As China has pursued what many describe as "militarization" in the South China Sea, the Obama administration has sought to cooperate with Beijing in a number of areas, including on climate change and the Iran nuclear deal.
"Because the United States has prioritized cooperation with China on a vast number of issues, some of which are very important—climate change, the agreement with Iran to prevent Iran from going nuclear—there has been, I think, a belief in the administration that we can’t have those and then at the same time put pressure on China to stop taking destabilizing actions in the South China Sea," Bonnie Glaser, an Asia studies expert at the Center for Strategic and International Studies, told House lawmakers last week.
"But I think we can do both and we have to be willing to very clearly tell the Chinese that their behavior is unacceptable," Glaser said.
Ahead of the G-20 summit earlier this month, President Obama and his Chinese counterpart, Xi Jinping, formally agreed to the terms of the climate accord brokered in Paris last year.

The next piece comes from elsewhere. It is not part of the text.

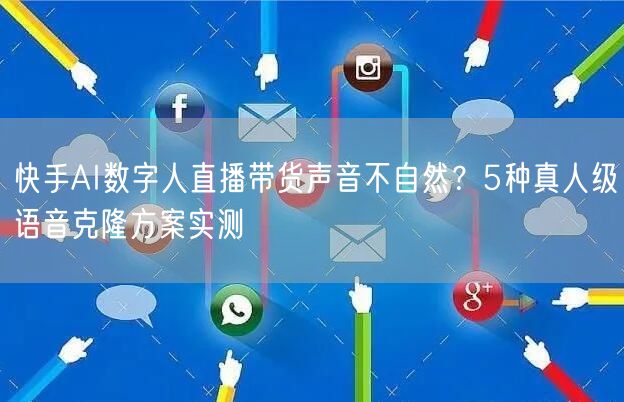 快手AI数字人直播带货声音不自然？5种真人级语音克隆方案实测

During the summit, an increased number of Chinese ships were spotted by the Philippines near the disputed Scarborough Shoal, on which experts worry China will pursue reclamation.
Beijing has rejected an international tribunal ruling that its South China Sea claims have no legal or historical basis, despite the United States urging it to accept the decision.
The U.S. Navy has sailed warships close to disputed features claimed by China in the South China Sea to exercise freedom of navigation under the rules of "innocent passage," in an effort to deter Chinese aggression.